I ran the model using the mlx-lm package. The package provides a convenient high-level API, I still wanted to tune the system for maximum performance. To do that, I profiled a number of configurations, measuring both total runtime and peak memory usage.
The first experiment was to determine the best chunk size for translation. I tested chunk sizes of 100, 200, 500, 1000, and 2000 tokens.

What I found was that performance generally worsened as chunk size increased, with one exception: there was a noticeable dip in total runtime at 200 tokens. In practice, most of my inputs were already in the 200-to-500-token range, and I also found that translation quality was better when I avoided unnecessary chunking. Based on those results, I chose a chunk size of 500 for the remaining experiments.
LLM inference has two phases: prefill and decoding. During prefill, the model processes the input tokens, and because those tokens can be handled independently, this phase is highly parallelizable. During decoding, however, the model generates output tokens one at a time, with each token depending on the previous ones. That sequential process often leaves the GPU underutilized.
To address this, I evaluated two possible optimizations at a fixed chunk size of 500: batched inference and speculative decoding.
With batched inference, the model processes multiple translation requests at the same time. I profiled batch sizes of 1, 2, and 4; anything beyond that ran out of memory on my machine. The results were straightforward: throughput increased consistently with batch size, though memory usage increased as well.

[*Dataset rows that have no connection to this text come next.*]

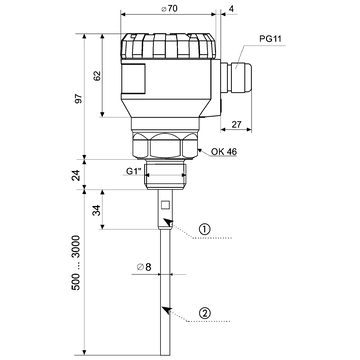 Afriso Puls-Reflex-Füllstandmessgeräte脉动福克斯®PMG 20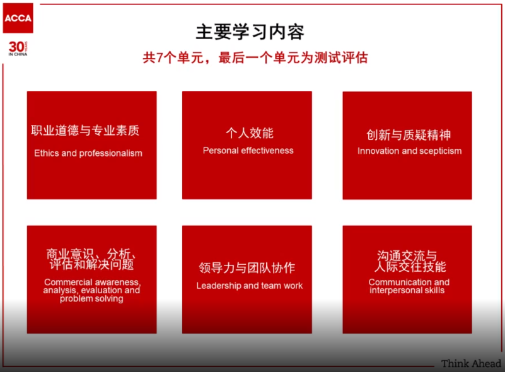 通過考試后 如何申請成為ACCA會員？
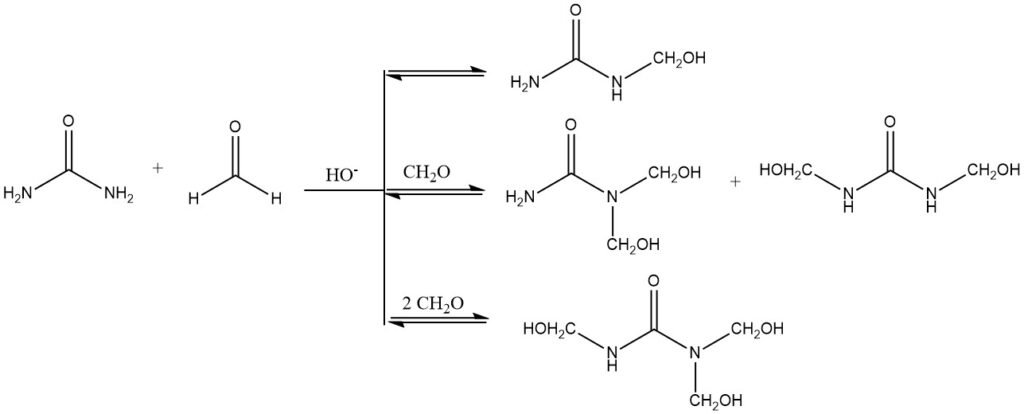 Hydroxymethylation of urea and formaldehyde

I also tested speculative decoding. In this setup, inference is shared between two models: a larger target model, TranslateGemma 12B, and a smaller draft model, TranslateGemma 4B. The draft model proposes several tokens at once, and the larger model verifies them. Since verification can be faster than generating each token from scratch, speculative decoding can sometimes speed up generation significantly.

In theory, it was a promising approach. In practice, the results were disappointing. Performance consistently worsened as I increased the number of draft tokens. I ultimately chose a draft-token count of 2 for comparison purposes, since using 1 would have been effectively identical to standard generation.
After comparing all three approaches, batched generation was the clear winner. It delivered significantly higher throughput while adding only a small memory overhead, so that became the final implementation.

The result was exactly what I had hoped for: I was able to translate an entire book while I ate lunch. When I later proofread the output, I found that I needed to make almost no edits.
So far, I have only tested the system on Bangla-to-English translation, but TranslateGemma supports more than 50 languages, so the same setup should work much more broadly. The project is also open source. You can find the code on GitHub, and extend it with your own models or build additional features on top of it.